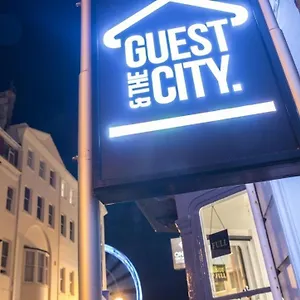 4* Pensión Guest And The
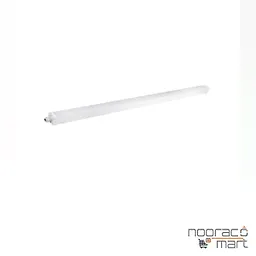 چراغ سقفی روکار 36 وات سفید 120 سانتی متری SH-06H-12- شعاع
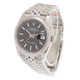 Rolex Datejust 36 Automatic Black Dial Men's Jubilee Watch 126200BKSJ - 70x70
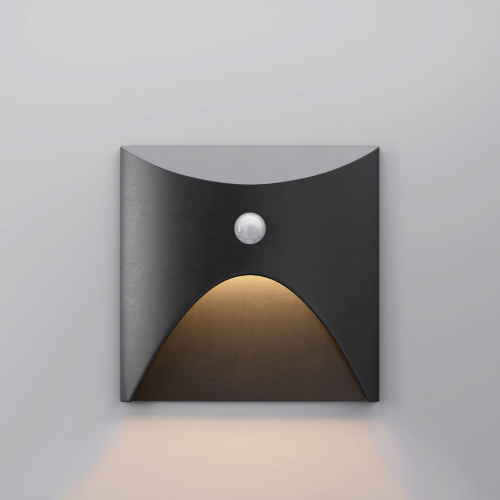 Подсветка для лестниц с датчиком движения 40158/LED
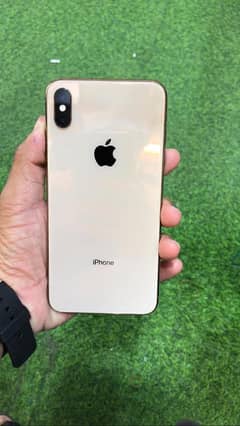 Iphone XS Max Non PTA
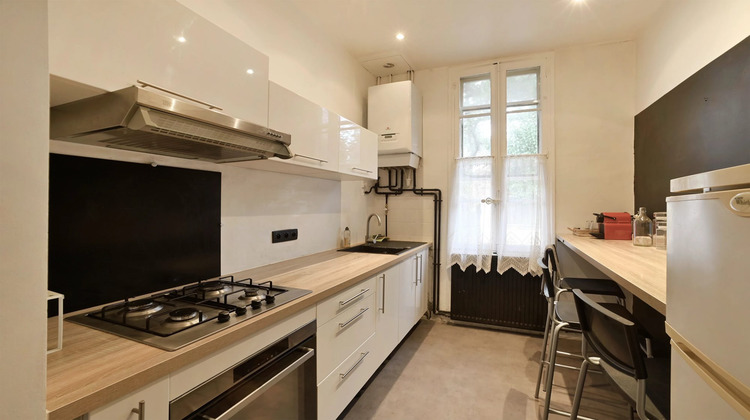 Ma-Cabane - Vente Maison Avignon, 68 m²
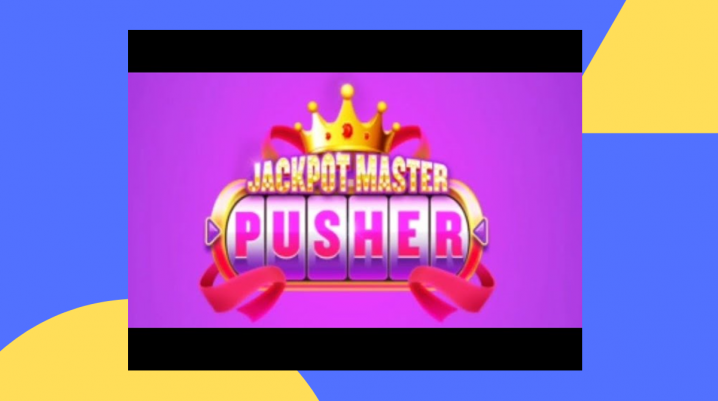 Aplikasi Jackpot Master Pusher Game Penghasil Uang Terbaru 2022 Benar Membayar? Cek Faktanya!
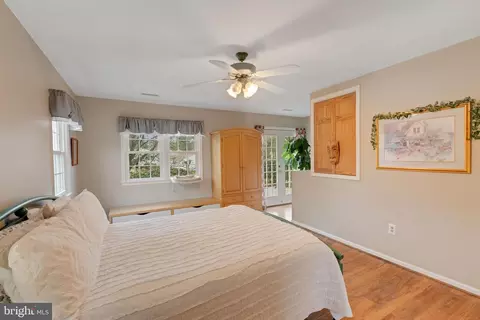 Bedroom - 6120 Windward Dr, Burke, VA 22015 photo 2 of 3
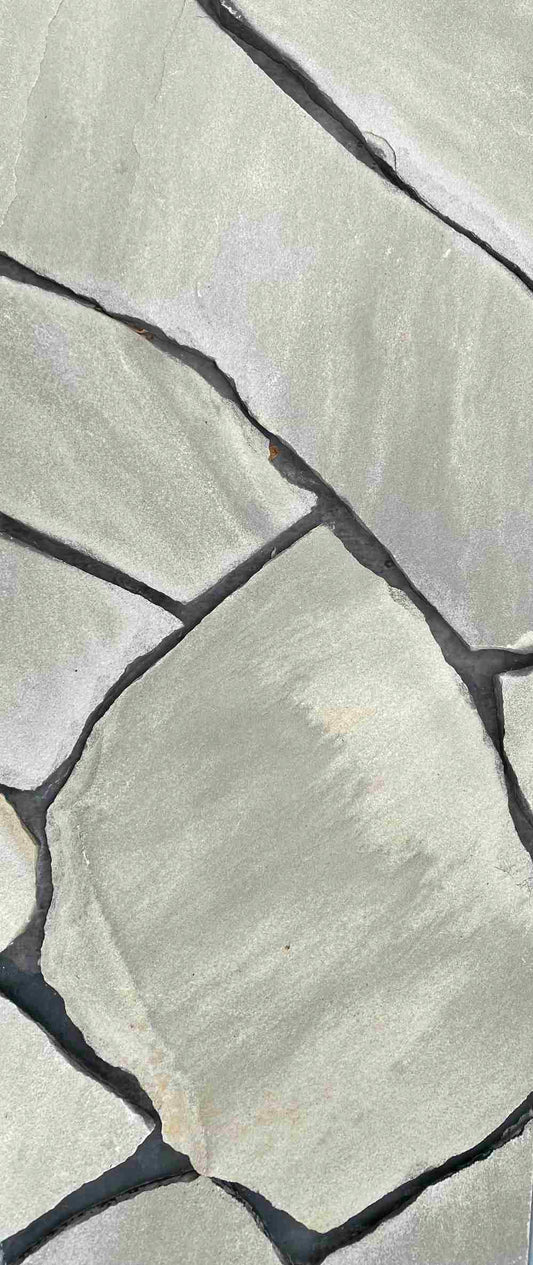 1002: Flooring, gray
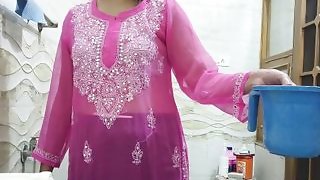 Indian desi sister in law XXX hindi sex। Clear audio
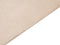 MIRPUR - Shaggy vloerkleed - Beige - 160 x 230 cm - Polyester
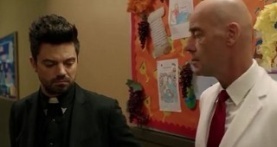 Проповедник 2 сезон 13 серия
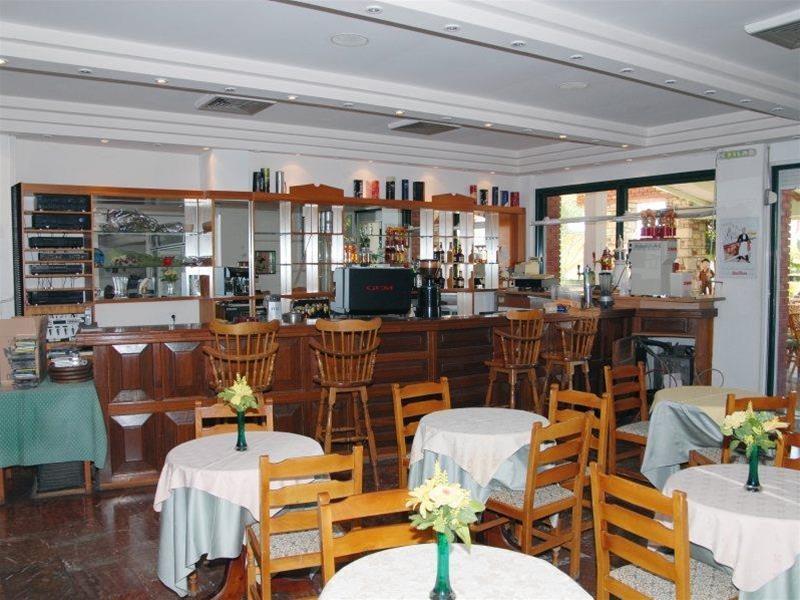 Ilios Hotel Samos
---
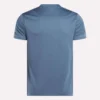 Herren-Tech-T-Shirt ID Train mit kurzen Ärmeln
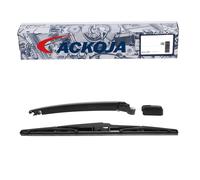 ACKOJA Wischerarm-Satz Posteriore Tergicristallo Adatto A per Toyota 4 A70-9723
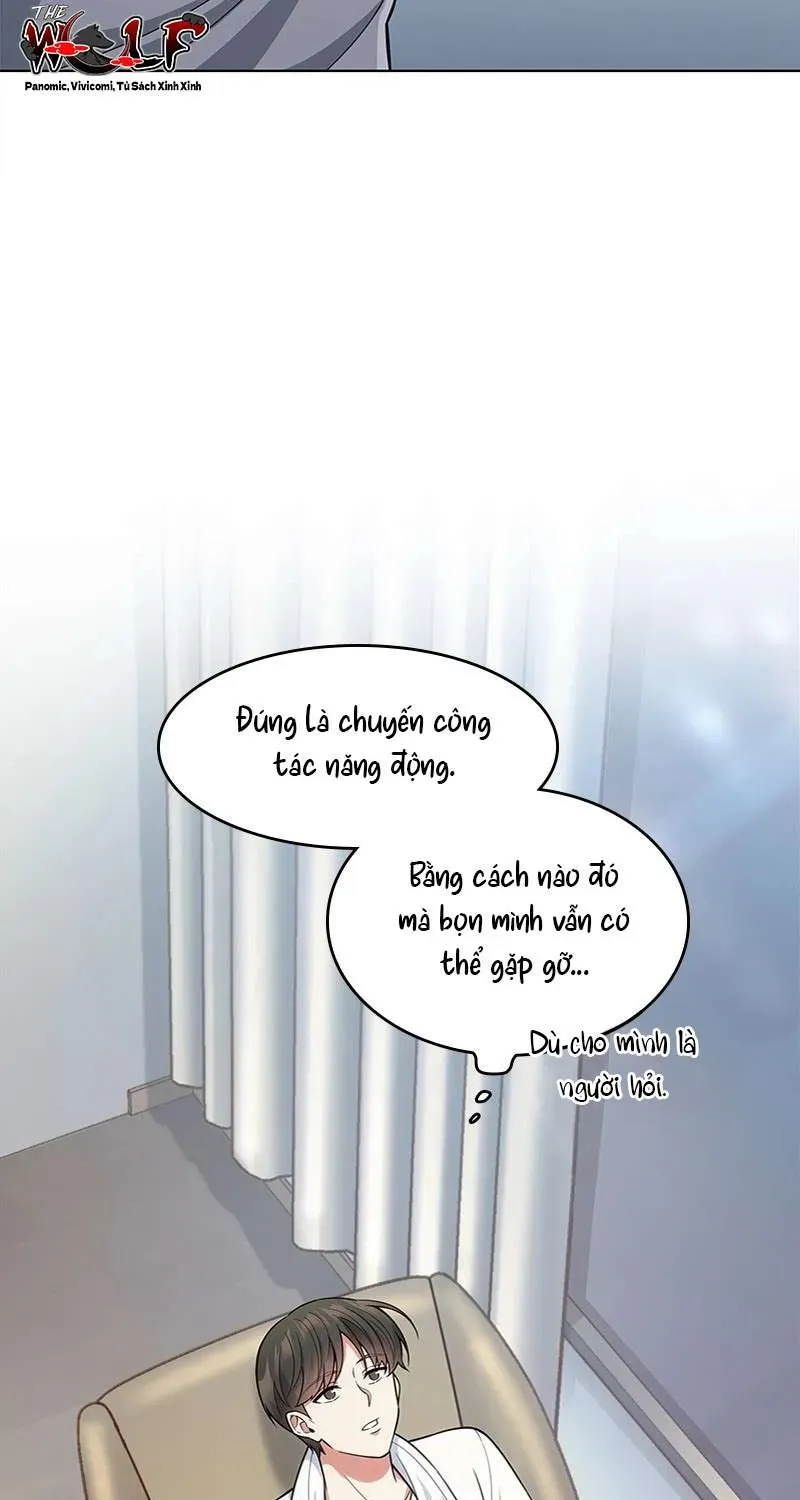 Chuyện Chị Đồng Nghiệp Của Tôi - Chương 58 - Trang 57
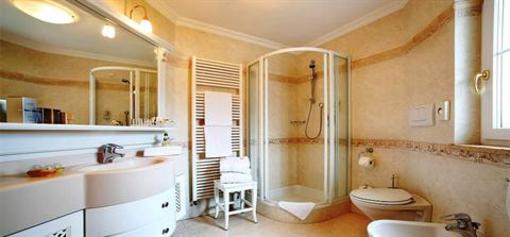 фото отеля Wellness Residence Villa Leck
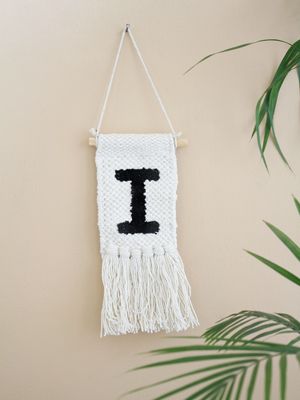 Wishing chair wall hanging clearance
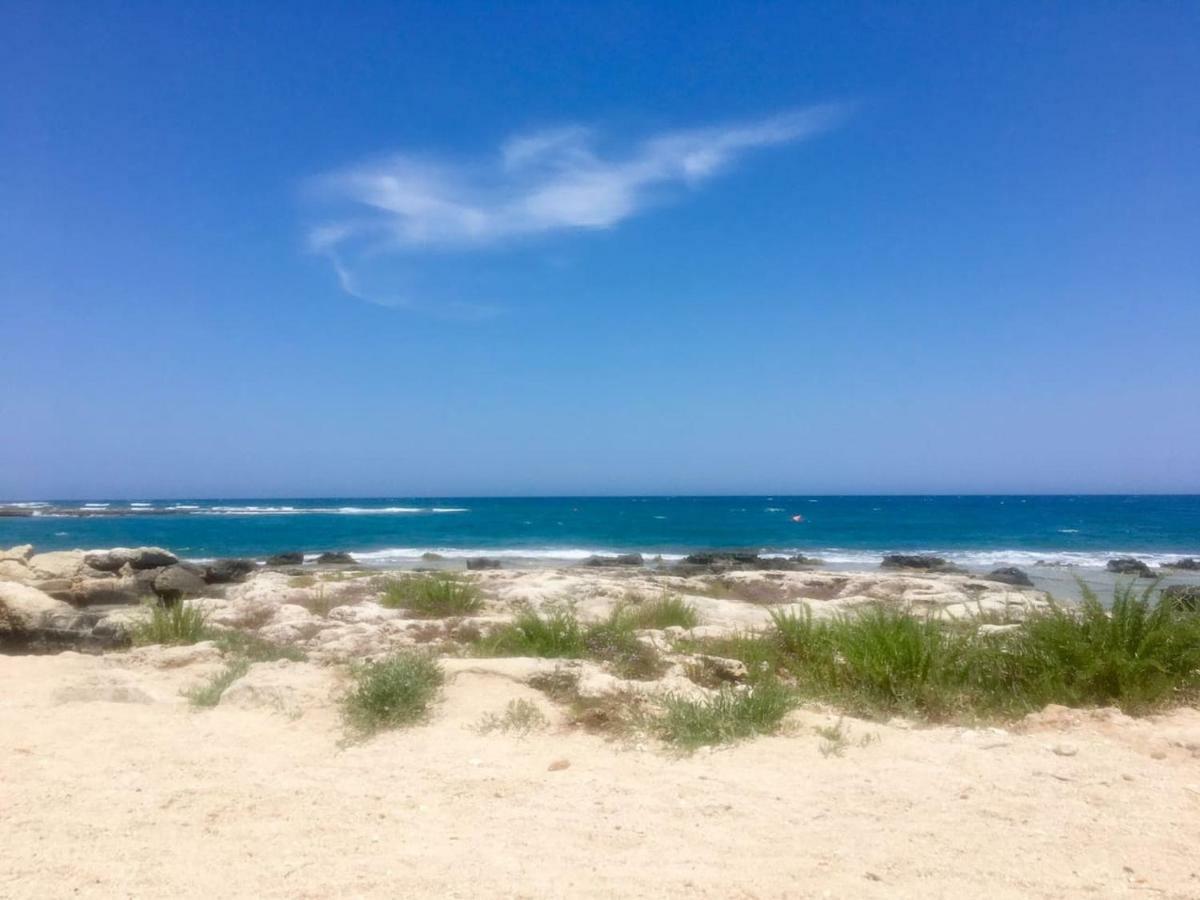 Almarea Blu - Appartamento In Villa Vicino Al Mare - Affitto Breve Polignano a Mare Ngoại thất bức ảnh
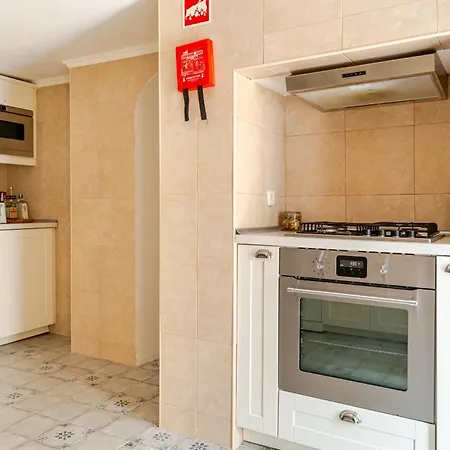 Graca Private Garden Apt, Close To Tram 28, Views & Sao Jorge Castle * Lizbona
...
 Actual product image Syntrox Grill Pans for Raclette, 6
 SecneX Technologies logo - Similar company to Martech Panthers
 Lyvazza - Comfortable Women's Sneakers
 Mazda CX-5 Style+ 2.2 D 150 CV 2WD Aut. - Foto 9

[Task prompt]
Set down, exactly as written above, each line from the one with "Aplikasi Jackpot Master" through the one with "Проповедник 2 сезон 13 серия", and skip the pictures.

[Response to the exercise]
 Aplikasi Jackpot Master Pusher Game Penghasil Uang Terbaru 2022 Benar Membayar? Cek Faktanya!
 Bedroom - 6120 Windward Dr, Burke, VA 22015 photo 2 of 3
 1002: Flooring, gray
 Indian desi sister in law XXX hindi sex। Clear audio
 MIRPUR - Shaggy vloerkleed - Beige - 160 x 230 cm - Polyester
 Проповедник 2 сезон 13 серия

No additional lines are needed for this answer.